Youth as Facilitators. Knowledge comes from study, experience, and reflection. Engaging young people as teachers helps reinforce their commitment to learning and the subject they are teaching; it also engages both young and older learners in exciting ways. 
Youth as Researchers. Identifying issues, surveying interests, analyzing findings, and developing projects in response are all powerful avenues for Youth Voice.
Youth as Planners – Planning includes program design, event planning, curriculum development, and hiring staff. Youth planning activities can lend validity, creativity, and applicability to abstract concepts and broad outcomes.
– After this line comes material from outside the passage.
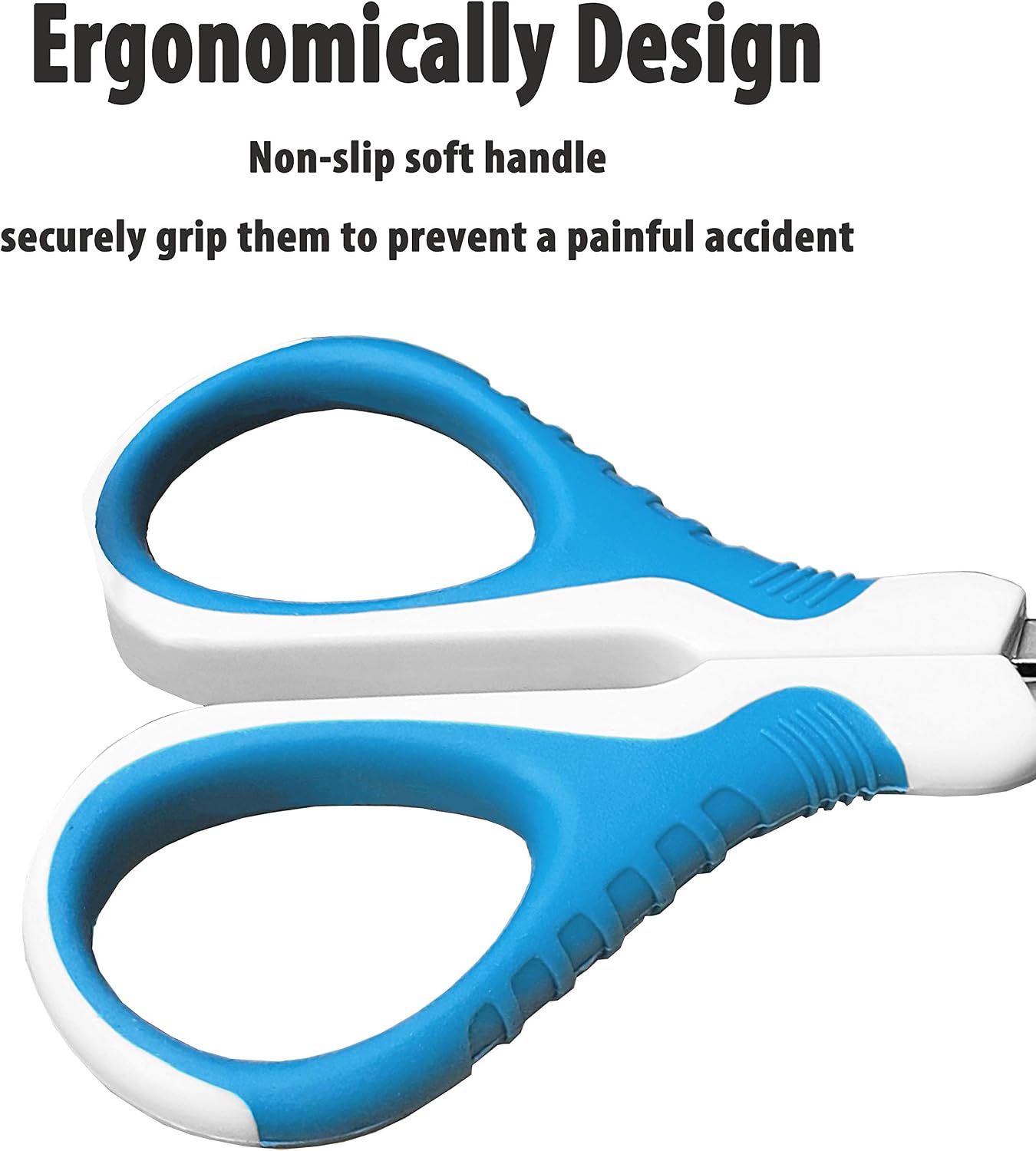 gonicc Professional Dog & Cat Pets Nail Clippers & Trimmers | With Safety Guard to Avoid Overcutting, Free Nail File, Razor Sharp Blade - Professional Grooming Tool for Pets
Youth as Organizers – Community organizing happens when leaders bring together everyone in a community in a role that fosters social change. Youth community organizers focus on issues that affect themselves and their communities; they rally their peers, families, and community members for action.
Youth as Decision-Makers. Making rules in classrooms is not the only way to engage young people in decision-making. Committees, board membership, and other forms of representation and leadership reinforce the significance of Youth Voice throughout communities.
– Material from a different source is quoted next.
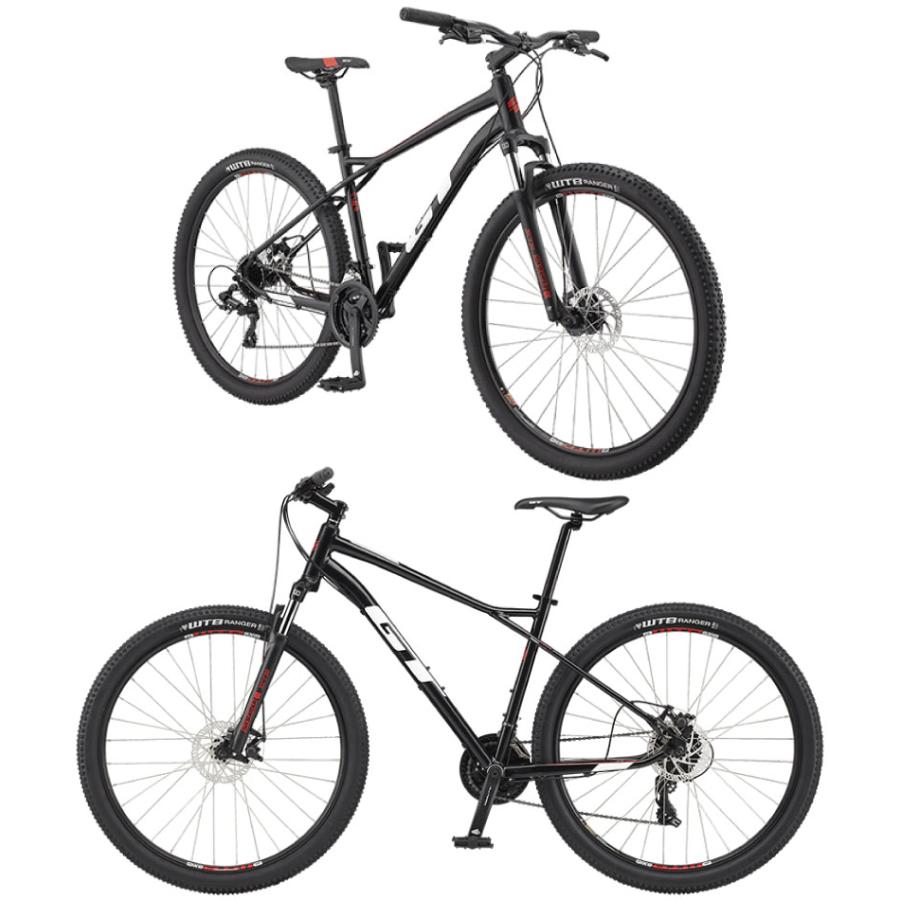たくGT アグレッサーコンプ 27.5 Sサイズ　直接引き渡し希望 GT ジーティー AGGRESSOR COMP アグレッサー コンプ ブラック 27.5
Youth as Advocates – When young people stand for their beliefs and understand the impact of their voices, they can represent their families and communities with pride, courage, and ability.
Youth as Evaluators. Assessing and evaluating the effects of programs, classes, activities, and projects can promote Youth Voice in powerful ways. Young people can learn that their opinions are important, and their experiences are valid indicators of success. 
Youth as Specialists – Envisioning roles for youth to teach youth is relatively easy; seeing new roles for youth to teach adults is more challenging. Youth specialists bring expert knowledge about particular subjects to programs and organizations, enriching everyone’s ability to be more effective.
More Roles for Young People
Each of the following roles can be a successful way to engage young people. Every position is different, offering a variety of perspectives and actions for youth to share their perspectives and take action.
Youth as...
  • Advisors
  • Designers
  • Teachers
  • Grant-makers
  • Planners
  • Lobbyists
  • Trainers
  • Philanthropists
  • Politicians
  • Recruiters
  • Social entrepreneurs
  • Paid staff
  • Mentors
  • Decision makers
  • Activity Leaders
  • Policy makers
Creating Engaging Lifestyles
Youth Voice is a logical starting point for any organization that wants to serve its constituency more effectively. It is also a powerful avenue for actually changing the lives of young people. By taking a constructivist approach to Youth Voice, communities can truly sustain young peoples’ engagement throughout society. That means acknowledging what young people already know, expanding their exposure to, knowledge of, and opportunities to generate new thinking. All of the models above can help educators weave an intricate blanket of engagement that captures people for all their lives.